Enterprise customers have to maintain, protect, and provide access to the petabytes of data they produce in their data centers every day. Traditionally, this involves a set of complex, interrelated systems to store the raw data on Network Attached Storage (NAS), Storage Area Networks (SAN), or Direct Attached Storage (DAS), and to transform it and to load it into relational databases to support querying and analysis activities. This is commonly known as Extract Transform and Load or ETL.
Each of these systems must be separately maintained, often by separate teams: DBAs for the databases, systems engineers for the underlying physical infrastructure, and others. At AWS, we’re constantly looking at ways to invent and simplify on behalf of our customers. This post looks at using a combination of AWS technology that can be deployed in customers’ data centers (AWS Storage Gateway) and serverless, cloud-native technology (Amazon Athena) to simplify the process of querying critical data generated on-premises.
Customers using popular enterprise analysis tools, such as Tableau, to analyze their data rely on ODBC or JDBC to connect to and run queries against their data. Conversely, file systems use protocols like SMB or NFS to read and write files. Until now, it’s often been necessary to translate data from its raw format (often text files) into a relational database in order to allow analysis on it. Enter: AWS Storage Gateway and Amazon Athena.
In this blog post, I use this architecture to demonstrate the combined capabilities of Storage Gateway and Athena. AWS Storage Gateway is a hybrid storage service that enables your on-premises applications to seamlessly use AWS cloud storage. The File Gateway configuration of the AWS Storage Gateway offers you a seamless way to connect to the cloud in order to store application data files and backup images as durable objects on Amazon S3 cloud storage. File gateway offers SMB or NFS-based access to data in Amazon S3 with local caching, and files are stored and billed as S3 objects. Amazon Athena is an interactive query service that makes it easy to analyze data in Amazon S3 using standard SQL. Athena is serverless, so there is no infrastructure to manage, and you pay only for the queries that you run.
Let’s walk through an example with ACME Corp. ACME is a fictitious, but representative enterprise that wants to store, protect, and analyze the data it receives from millions of IoT sensors around the world.
The figure below gives a high-level view of how data flows between each step in ACME’s workflow in the proposed solution. Once this solution is configured, the flow of data into the hands of ACME’s analysts is fully automated with no manual intervention required.
Today, ACME receives a daily file from each sensor via FTP in text (comma-separated) format. These files share a common set of columns, and the files are stored on an enterprise NAS device behind the FTP server. The NAS device is replicated to a secondary facility for disaster recovery purposes on a daily basis.
At the end of each day, an ETL process runs, reads each text file, and loads it to a relational database table with a similar column structure.
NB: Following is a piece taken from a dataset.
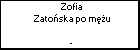 Zofia Zatoska po mu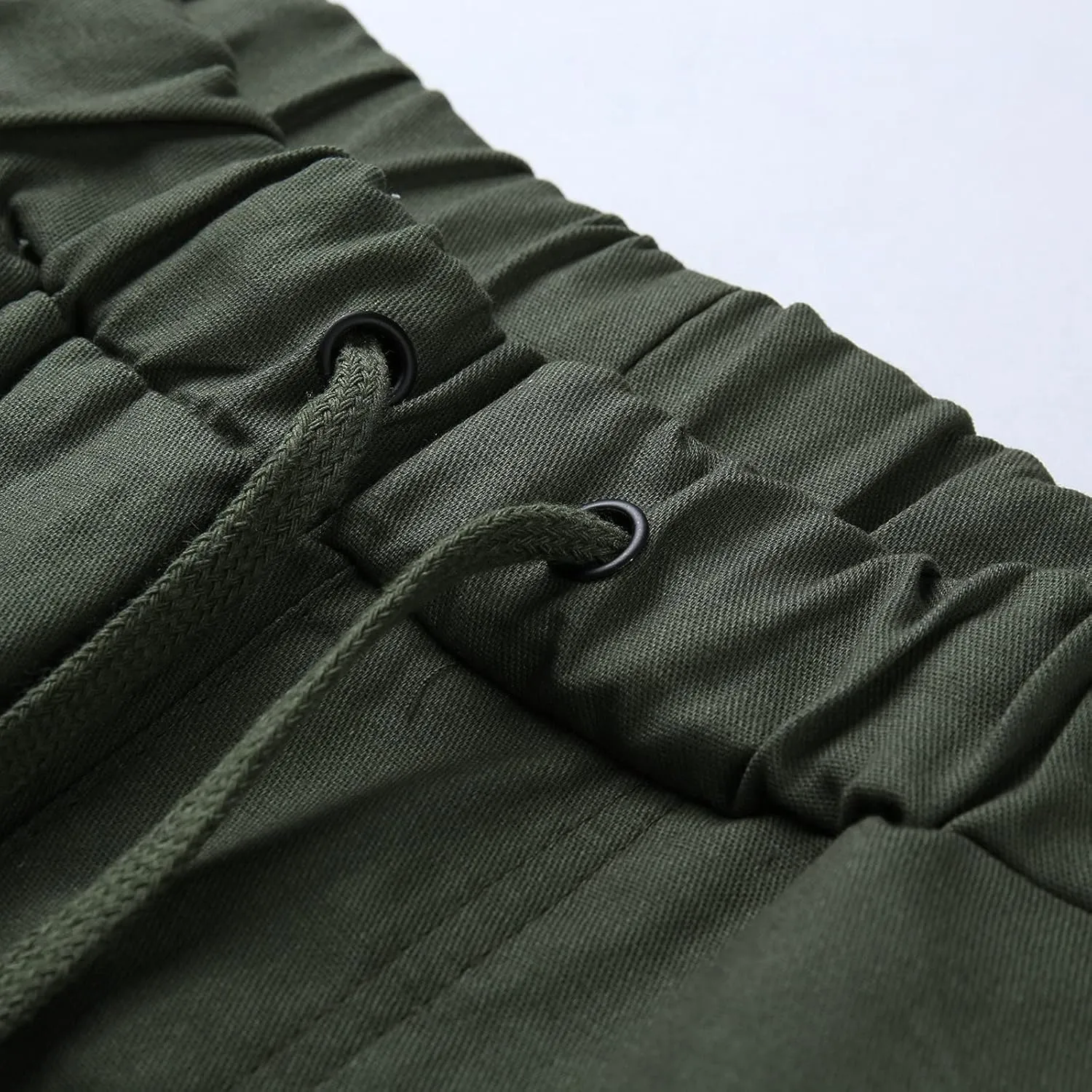 Cargo Pants for Men Relaxed Fit Cargo Pants Elastic Waist Drawstring Jogger Sweatpants Straight Multi Pockets Outdoor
ACME analysts receive an email in their in-boxes when the load process is complete, allowing them to begin their analysis of the previous day’s activities provided there were no issues with the load. In the event of a load issue, operations staff are paged, which can delay the start of the analysts’ day while the problem is resolved.
In the event of a NAS failure, the prior day’s data must be replayed into the FTP server — a costly and time-consuming process. ACME’s hypothetical Recovery Time Objective for the analysis activities in the event of a database failure is four hours; their Recovery Point Objective for the data is up to one day. Operations personnel must maintain FTP servers, the NAS environment and Database servers.
Without making changes to ACME’s FTP process, which they wish to maintain in its current state, our first step is to deploy a File Gateway on their VMware infrastructure to replace ACME’s existing NAS. Let me quickly demonstrate how you can setup File Gateway for testing purposes in your own Amazon EC2 environment.
Step 1: From the AWS Management Console, select “Storage Gateway,” then select “Create Gateway:”
Step 2: Select the “File Gateway” gateway type and hit “Next:”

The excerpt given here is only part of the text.